What you need to do »
Reproduce all of the data exactly. Images are not to appear in the reply.

Records provided »
━━━━━━
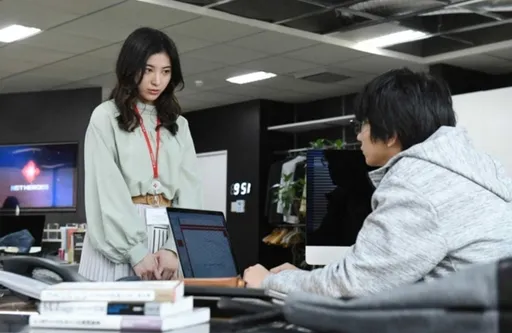 日本研發AI工具 可預測新聘員工何時離職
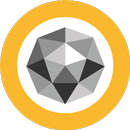 Norton Core Secure WiFi Router APK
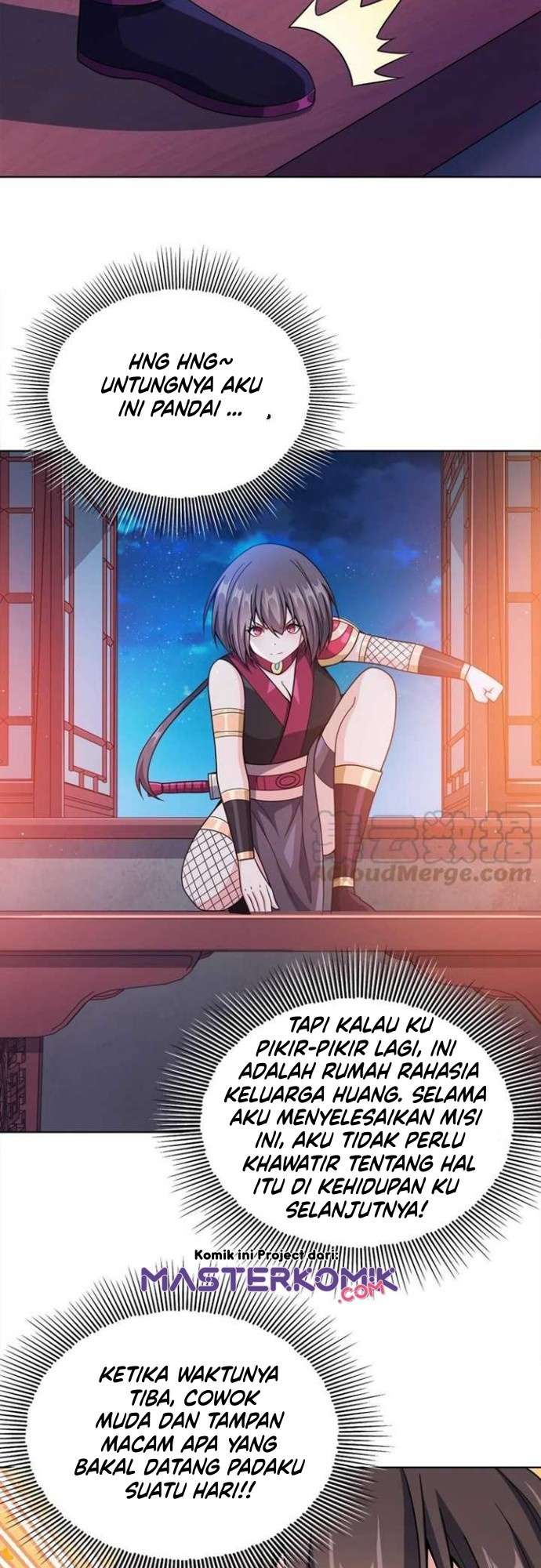 image-komik-my-lady-is-actually-the-empress-chapter-32-4/41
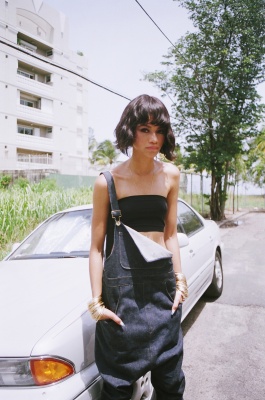 zendaya_006.jpg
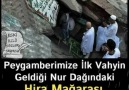 Bu Mübarek Günde Amin diyen bütün Kullarının Duasını Kabul Eyle Yarabbi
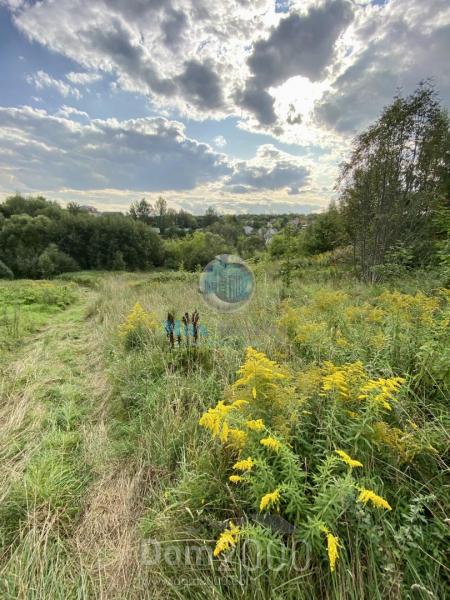 Продам земельный участок - г. Видное (10480-271) | Dom2000.com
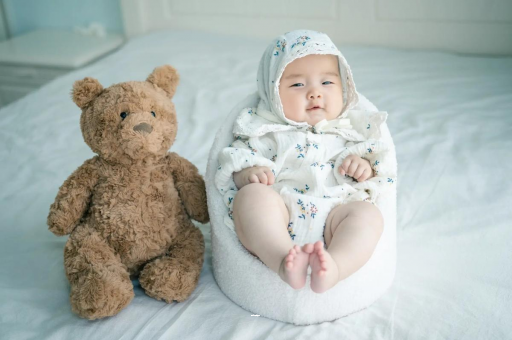 巢湖孕妇三个月的食谱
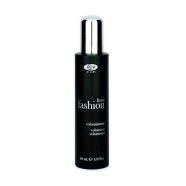 Lisap Fashion Volumizer spray 200 ml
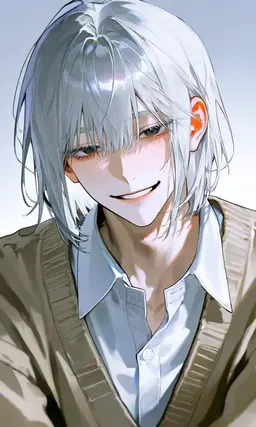 Profile image of トコ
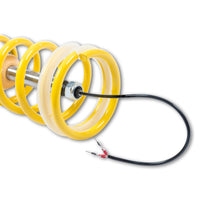 KW Suspensions -  DDC Plug & Play Coilover Suspension  - BMW F8X M3/M4
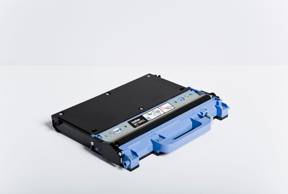 HL-L9200CDWT waste toner box 50K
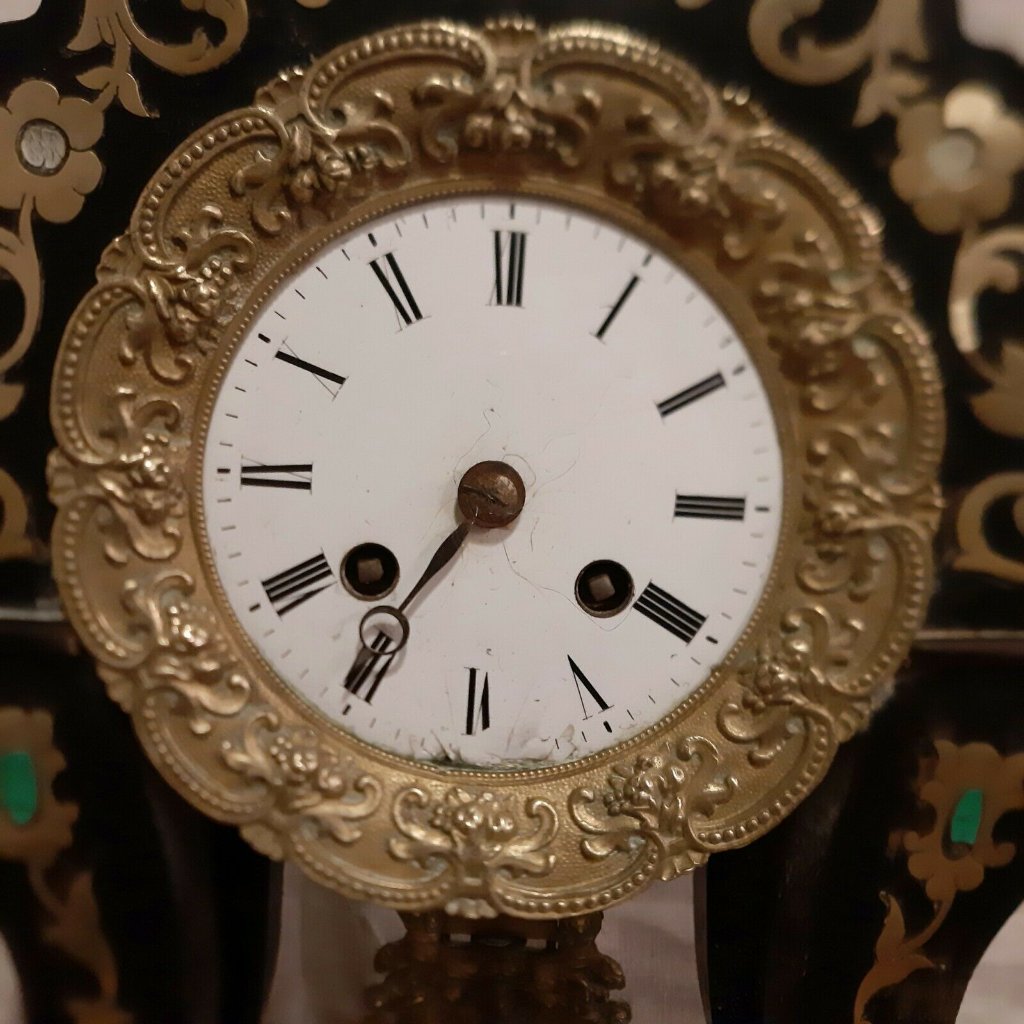 s-l1600-48.jpg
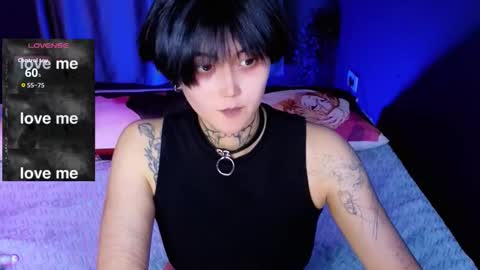 Raven online show from October 15, 2025, 4:18 pm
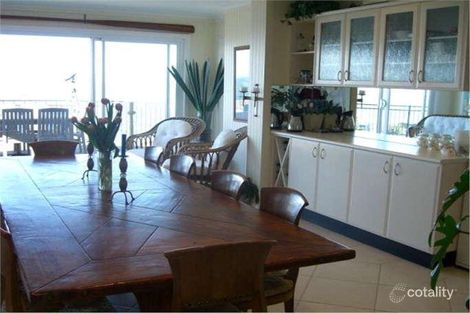 Property photo of 43 Hickson Street Merewether NSW 2291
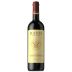 Lueria Winery Reserve Cabernet Sauvignon (OU Kosher) 2017 Front Bottle Shot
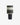 Nordal - AINE bordlampe – sort – Ø16 × H35 cm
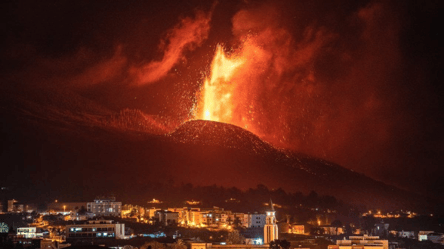 Сальвадор добув близько 475 біткоїнів за три роки за допомогою вулкана - 290x166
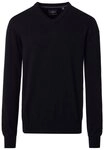 CASAMODA Strickpullover CASAMODA Pullover uni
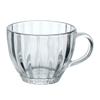 Xicara cha vdo alice 200ml 6pc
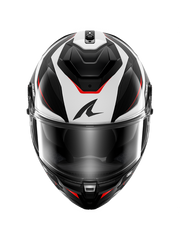 CASCO INTEGRALE SHARK SPARTAN GT PRO CARBON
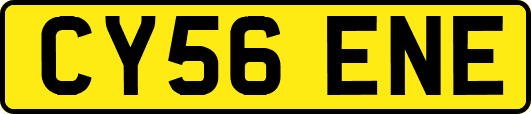 CY56ENE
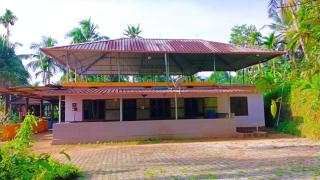 Cocoa island - 5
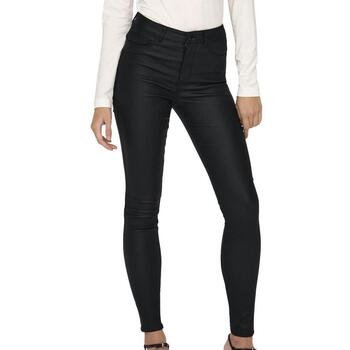 JDY Skinny-fit-Jeans New Thunder (1-tlg) Weiteres Detail günstig online kaufen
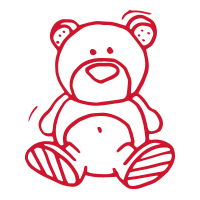 bear bear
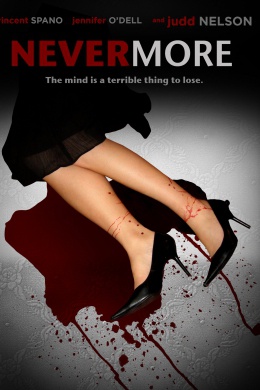 posterpic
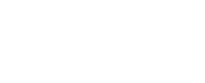 Air Navigation Services Aruba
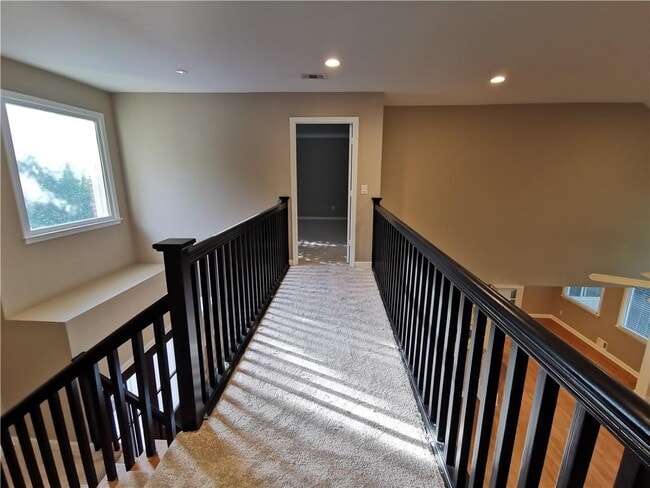 Building Photo - 2411 Magnolia Springs Ct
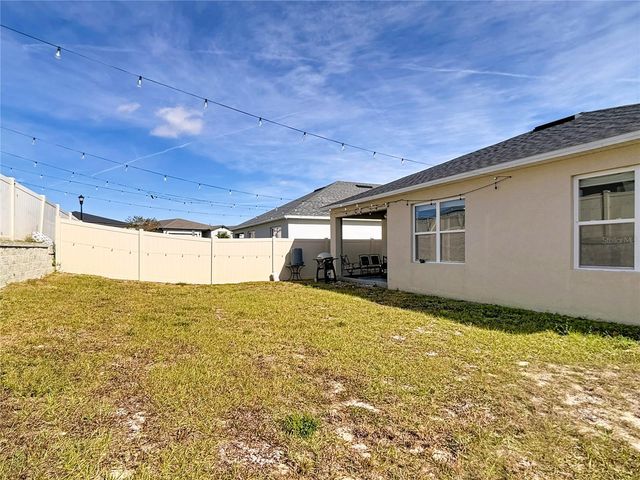 241 MEADOWBROOK BOULEVARD, Winter Haven, FL 33881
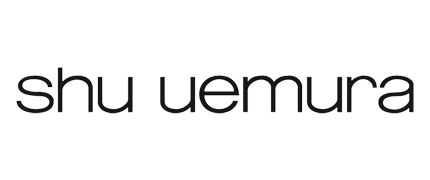 Скидки магазина SHU UEMURA Скидки в интернет-магазине SHU UEMURA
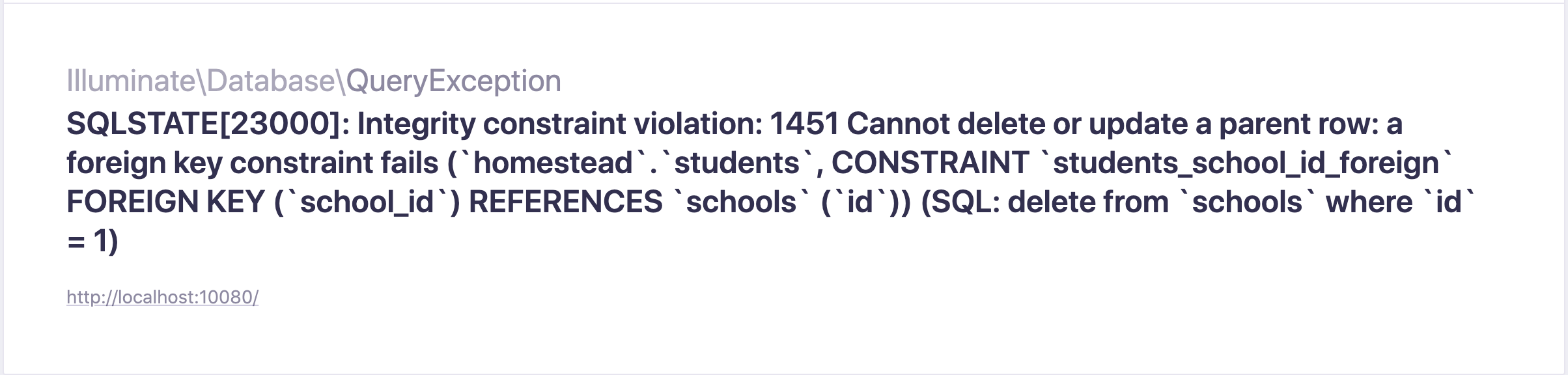 スクリーンショット 2020-06-03 23.53.27.png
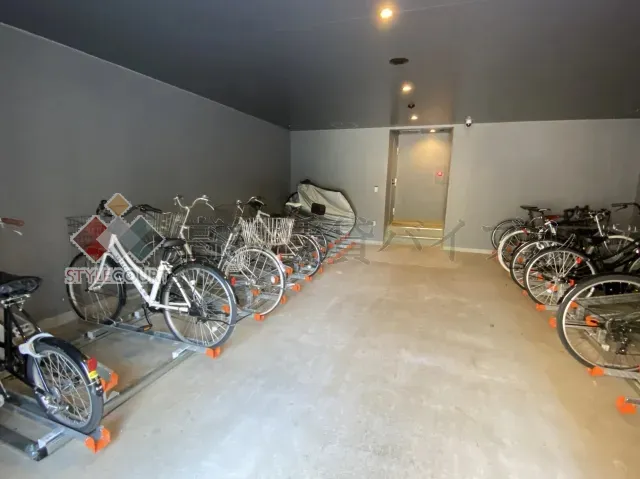 ＲＥＦＲＡＭＥ　５　Ｉｒｉｙａ の画像6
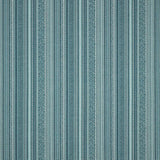 Sunbrella Former Lagoon 44390-0005 Upholstery Fabric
━━━━━━
Result for this exercise »
 日本研發AI工具 可預測新聘員工何時離職
 Norton Core Secure WiFi Router APK
 image-komik-my-lady-is-actually-the-empress-chapter-32-4/41
 zendaya_006.jpg
 Bu Mübarek Günde Amin diyen bütün Kullarının Duasını Kabul Eyle Yarabbi
 Продам земельный участок - г. Видное (10480-271) | Dom2000.com
 巢湖孕妇三个月的食谱
 Lisap Fashion Volumizer spray 200 ml
 Profile image of トコ
 KW Suspensions -  DDC Plug & Play Coilover Suspension  - BMW F8X M3/M4
 HL-L9200CDWT waste toner box 50K
 s-l1600-48.jpg
 Raven online show from October 15, 2025, 4:18 pm
 Property photo of 43 Hickson Street Merewether NSW 2291
 Lueria Winery Reserve Cabernet Sauvignon (OU Kosher) 2017 Front Bottle Shot
 Nordal - AINE bordlampe – sort – Ø16 × H35 cm
 Сальвадор добув близько 475 біткоїнів за три роки за допомогою вулкана - 290x166
 CASAMODA Strickpullover CASAMODA Pullover uni
 Xicara cha vdo alice 200ml 6pc
 CASCO INTEGRALE SHARK SPARTAN GT PRO CARBON
 CY56ENE
 Cocoa island - 5
 JDY Skinny-fit-Jeans New Thunder (1-tlg) Weiteres Detail günstig online kaufen
 bear bear
 posterpic
 Air Navigation Services Aruba
 Building Photo - 2411 Magnolia Springs Ct
 241 MEADOWBROOK BOULEVARD, Winter Haven, FL 33881
 Скидки магазина SHU UEMURA Скидки в интернет-магазине SHU UEMURA
 スクリーンショット 2020-06-03 23.53.27.png
 ＲＥＦＲＡＭＥ　５　Ｉｒｉｙａ の画像6
 Sunbrella Former Lagoon 44390-0005 Upholstery Fabric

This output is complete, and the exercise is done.